Last year was not a good one to be an electric vehicle (EV) company in the United States. The EV maker that took the worst of it was Lucid Group Inc. (NASDAQ: LCID | LCID Price Prediction).
Ford took a $19.5 billion write-off on its EV business. Tesla’s November sales were among their worst monthly numbers in four years. The entire industry took a hit when the Trump administration killed the $7,500 EV tax credit. The theory emerged that early adopters of EVs were the only adopters, at least for several years.
Lucid stock sold down 65% last year, as the S&P 500 rose 17%. It outperformed the S&P 500 briefly last February. However, even Jim Cramer jumped in with an opinion on December 23: “Sell, sell, sell.”
Its cars are too expensive. The base price for its Lucid Pure is $71,000. That price can rise as high as $250,000, which is an absurd price for almost any car short of a Rolls Royce.

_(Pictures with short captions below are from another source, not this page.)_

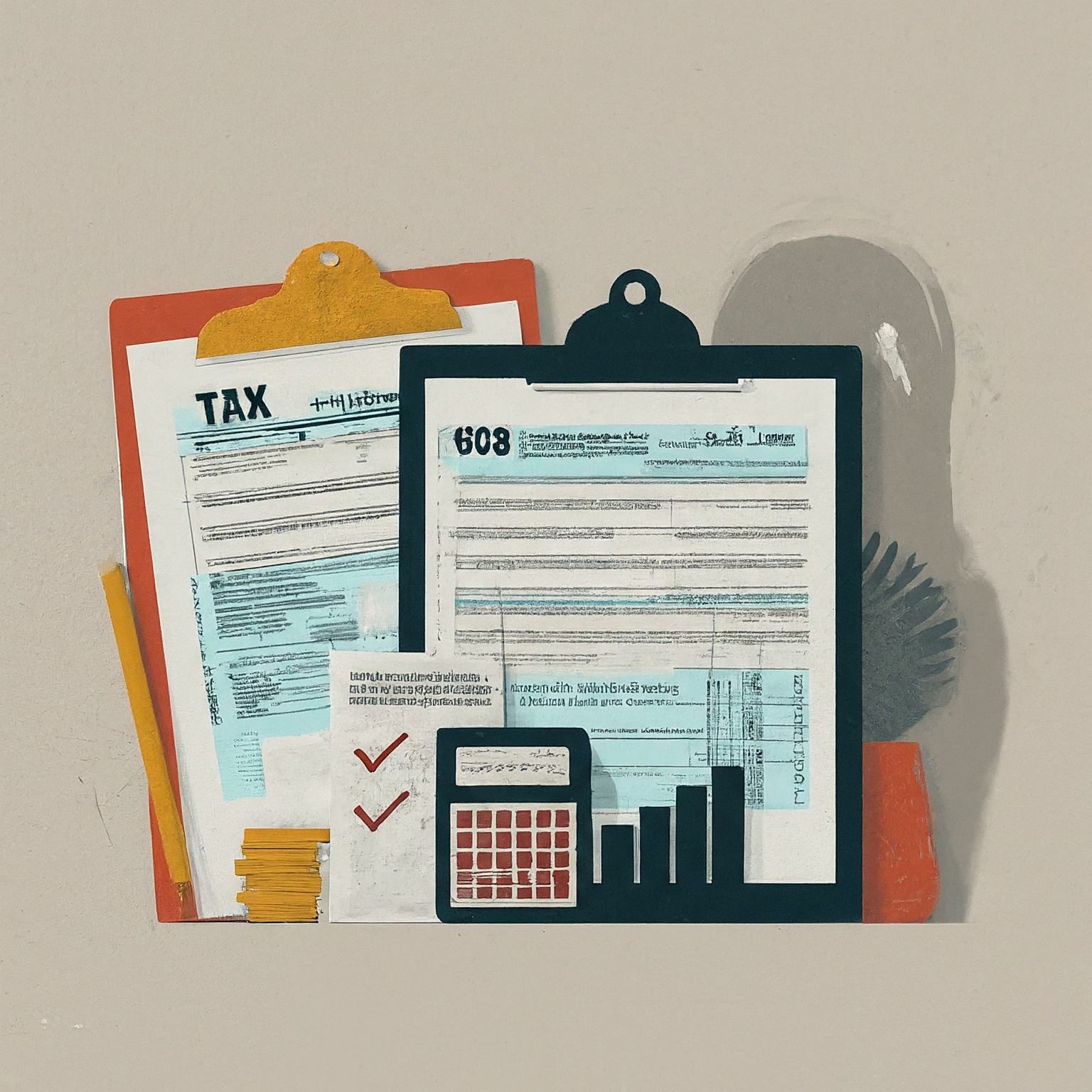 长期资本利得的美国税务规划：如何利用美国税务抵免和扣除来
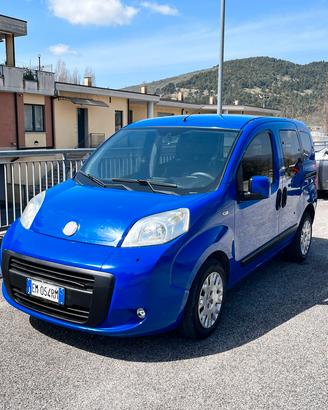 fiat qubo 
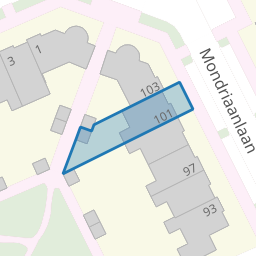 Perceel WGN00-A-1141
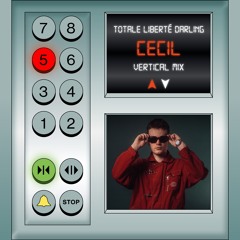 CECIL - Vertical Mix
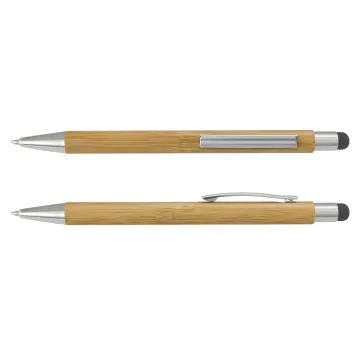 Lancer Bamboo Stylus Pen - image 3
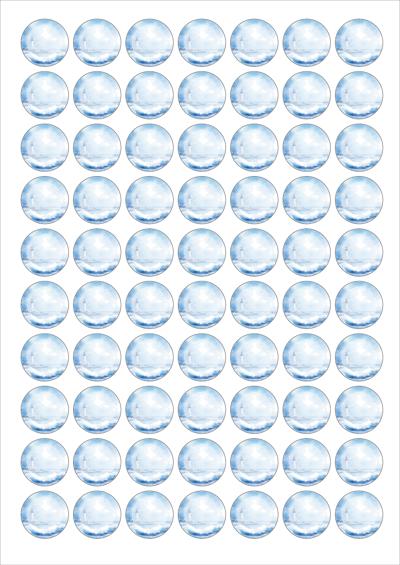 동일규격 아이스틱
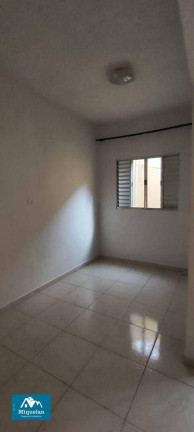 Imagem Casa com 1 Quarto para Alugar, 38 m² em Carandiru - São Paulo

The Lucid Touring has a base price of $80,000, which rises to $95,000 for a higher-end model.
The primary argument for the decline in Lucid’s stock is that it is barely a car company at all. It delivered only 4,078 vehicles in the third quarter. It lost over $1 billion on revenue of $337 million. A back-of-an-envelope calculation shows that its unit sales would need to rise six times to break even, if it can hold costs in check.
Investors are well aware that Lucid is a tiny company in a struggling industry. If the industry’s falling tide is lowering all boats, what chance does Lucid have?
Morgan Stanley recently surrendered on Lucid, downgrading its outlook to Underweight from Equal Weight. The firm also lowered its $30 price target to $10. Investors took note. The share price hit an all-time low of $10.45 as the year ended.